Your objective: In the records below, find the line with "Figure 2. Illustration" and repeat exactly every line from it through the line with "Extensor indicis tendon". Pictures stay out.

Image-caption web data
···

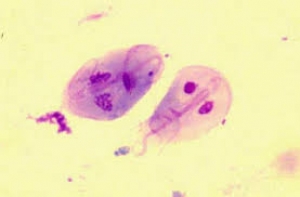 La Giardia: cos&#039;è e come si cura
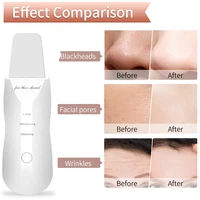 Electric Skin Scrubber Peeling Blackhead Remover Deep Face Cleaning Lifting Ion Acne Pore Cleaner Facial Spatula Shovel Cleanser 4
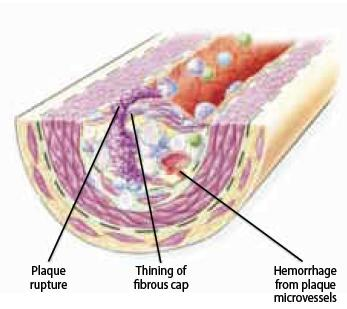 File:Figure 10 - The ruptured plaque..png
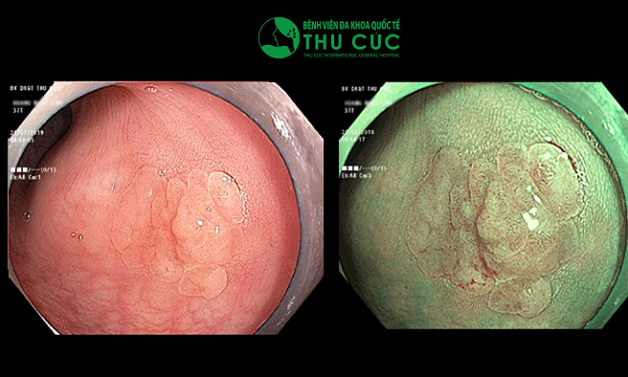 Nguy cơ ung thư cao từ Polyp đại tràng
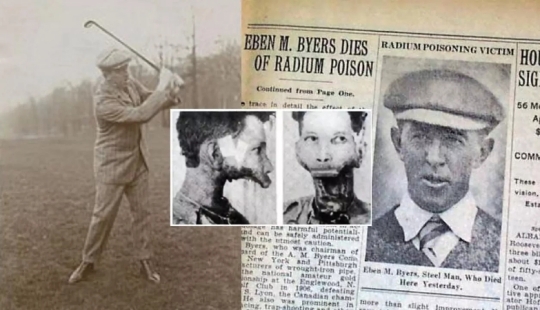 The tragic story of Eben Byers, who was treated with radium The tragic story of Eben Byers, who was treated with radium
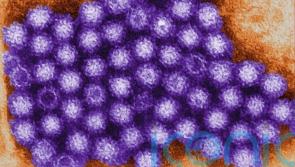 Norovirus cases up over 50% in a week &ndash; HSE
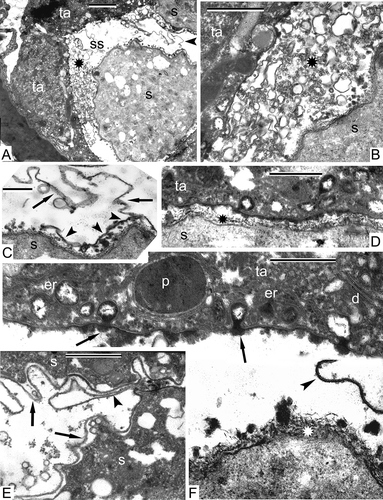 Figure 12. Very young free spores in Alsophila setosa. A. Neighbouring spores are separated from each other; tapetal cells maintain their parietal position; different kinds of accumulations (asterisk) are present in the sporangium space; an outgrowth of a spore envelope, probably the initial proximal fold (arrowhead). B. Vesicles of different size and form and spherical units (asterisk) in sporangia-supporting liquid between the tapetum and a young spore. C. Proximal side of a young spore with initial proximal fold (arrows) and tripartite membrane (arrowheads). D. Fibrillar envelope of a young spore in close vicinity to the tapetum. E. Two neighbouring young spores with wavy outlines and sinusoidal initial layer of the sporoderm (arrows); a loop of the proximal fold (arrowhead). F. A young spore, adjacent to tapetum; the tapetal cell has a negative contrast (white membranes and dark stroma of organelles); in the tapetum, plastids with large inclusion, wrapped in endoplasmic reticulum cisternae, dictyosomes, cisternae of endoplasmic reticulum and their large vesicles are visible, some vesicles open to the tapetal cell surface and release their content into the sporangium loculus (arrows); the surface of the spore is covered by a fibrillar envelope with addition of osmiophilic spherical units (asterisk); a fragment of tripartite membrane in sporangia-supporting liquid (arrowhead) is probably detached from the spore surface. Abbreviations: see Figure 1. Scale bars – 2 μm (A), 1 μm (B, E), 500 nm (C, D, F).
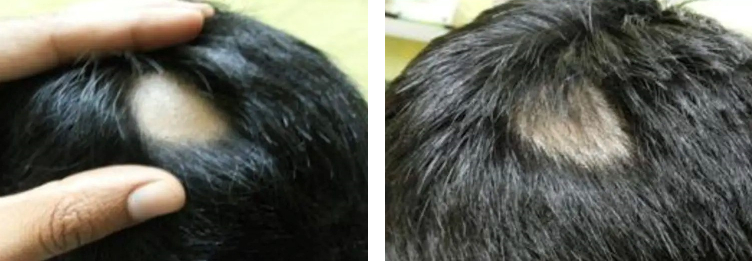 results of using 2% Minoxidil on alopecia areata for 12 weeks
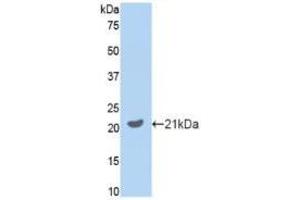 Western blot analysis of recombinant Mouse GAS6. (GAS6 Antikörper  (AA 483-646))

···

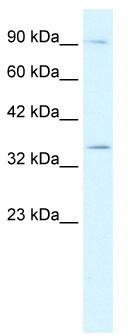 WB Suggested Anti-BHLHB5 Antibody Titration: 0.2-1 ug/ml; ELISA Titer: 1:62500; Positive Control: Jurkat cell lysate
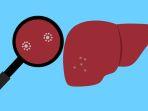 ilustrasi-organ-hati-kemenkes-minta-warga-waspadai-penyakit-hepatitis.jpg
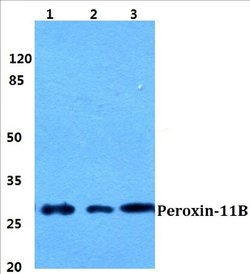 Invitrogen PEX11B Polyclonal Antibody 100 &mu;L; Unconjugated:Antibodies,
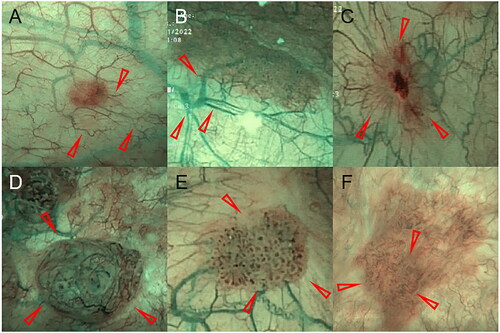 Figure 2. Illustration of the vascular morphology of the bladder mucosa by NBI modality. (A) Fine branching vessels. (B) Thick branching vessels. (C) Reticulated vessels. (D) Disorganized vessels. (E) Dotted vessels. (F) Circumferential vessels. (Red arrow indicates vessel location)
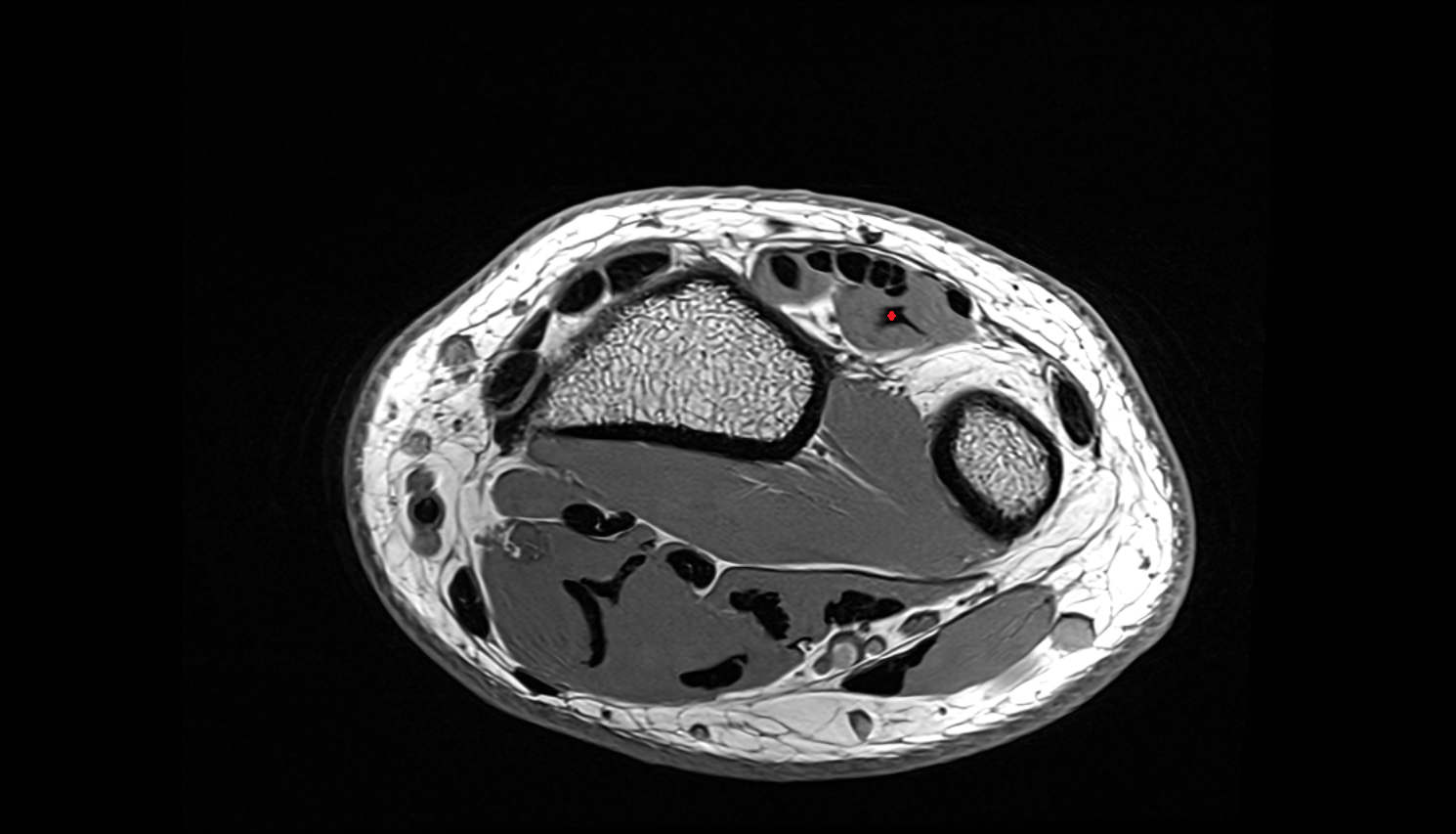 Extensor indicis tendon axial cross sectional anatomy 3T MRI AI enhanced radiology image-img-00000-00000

···

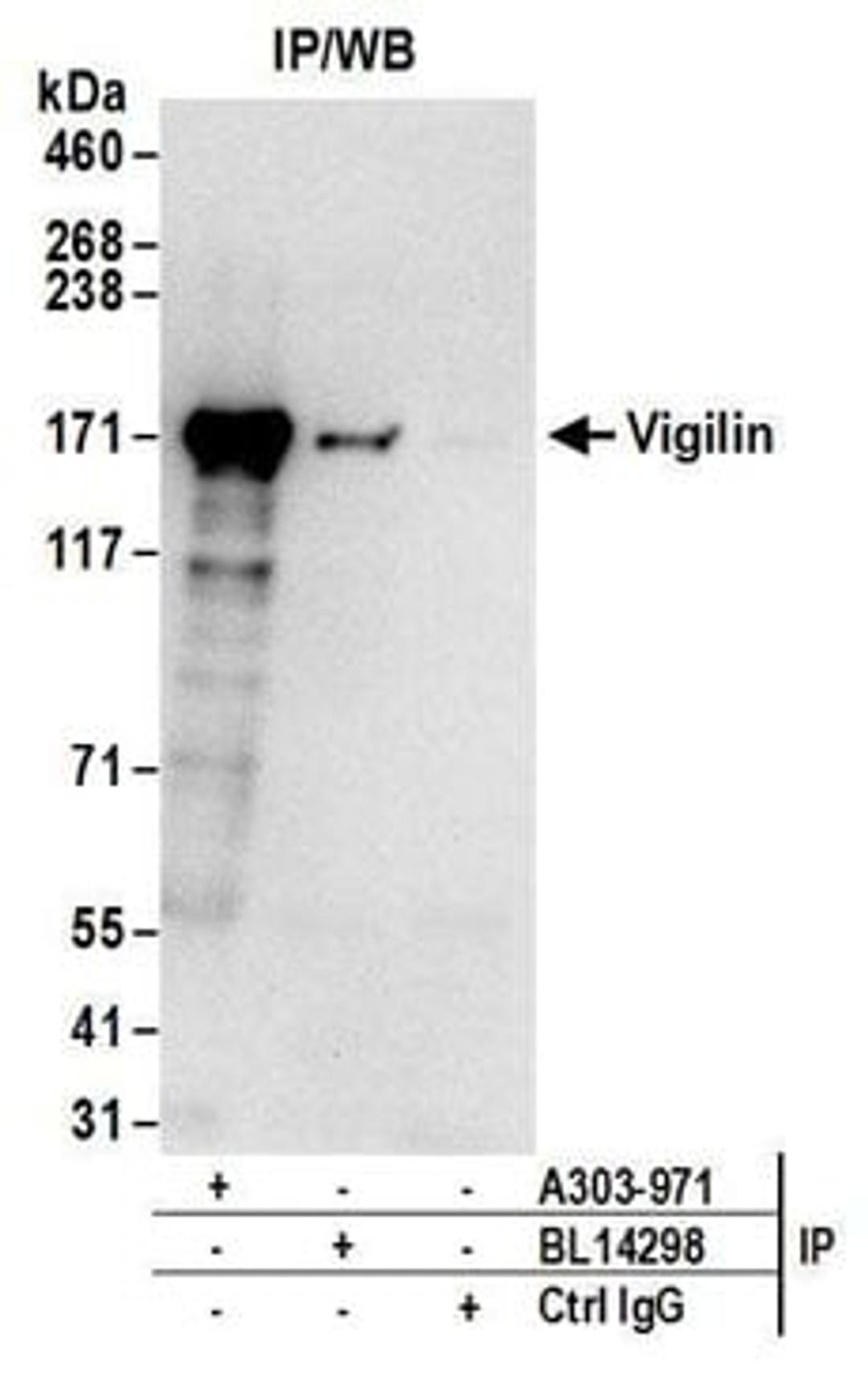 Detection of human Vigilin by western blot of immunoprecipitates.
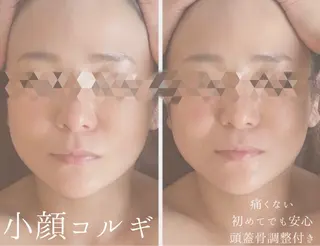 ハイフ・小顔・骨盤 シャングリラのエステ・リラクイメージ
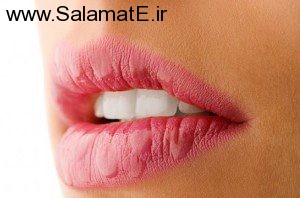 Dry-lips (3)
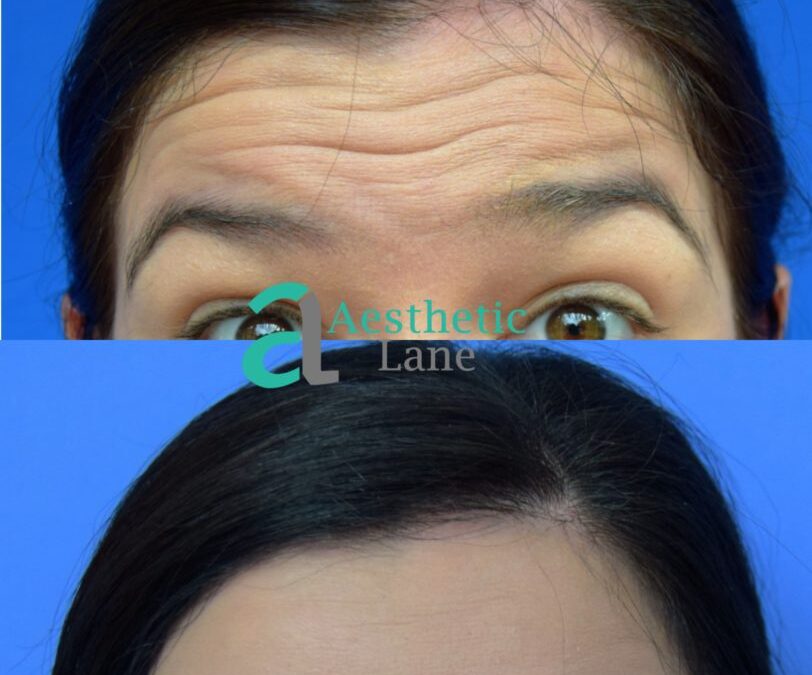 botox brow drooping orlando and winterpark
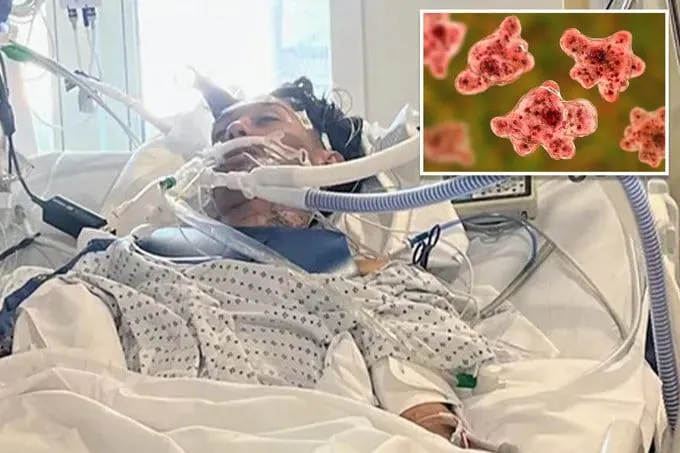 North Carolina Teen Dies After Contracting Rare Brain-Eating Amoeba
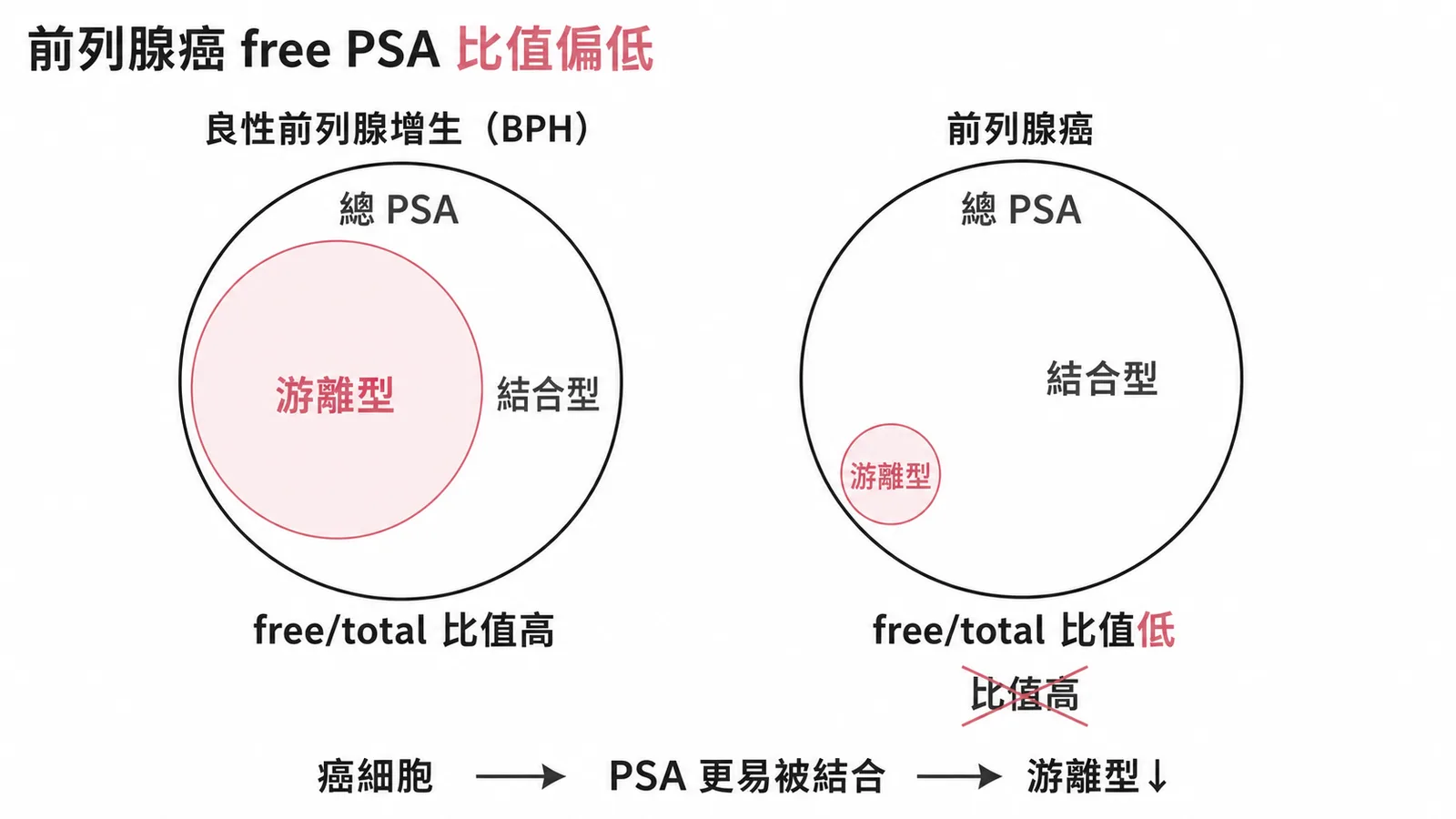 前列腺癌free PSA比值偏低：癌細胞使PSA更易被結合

···

Expected answer:
 Figure 2. Illustration of the vascular morphology of the bladder mucosa by NBI modality. (A) Fine branching vessels. (B) Thick branching vessels. (C) Reticulated vessels. (D) Disorganized vessels. (E) Dotted vessels. (F) Circumferential vessels. (Red arrow indicates vessel location)
 Extensor indicis tendon axial cross sectional anatomy 3T MRI AI enhanced radiology image-img-00000-00000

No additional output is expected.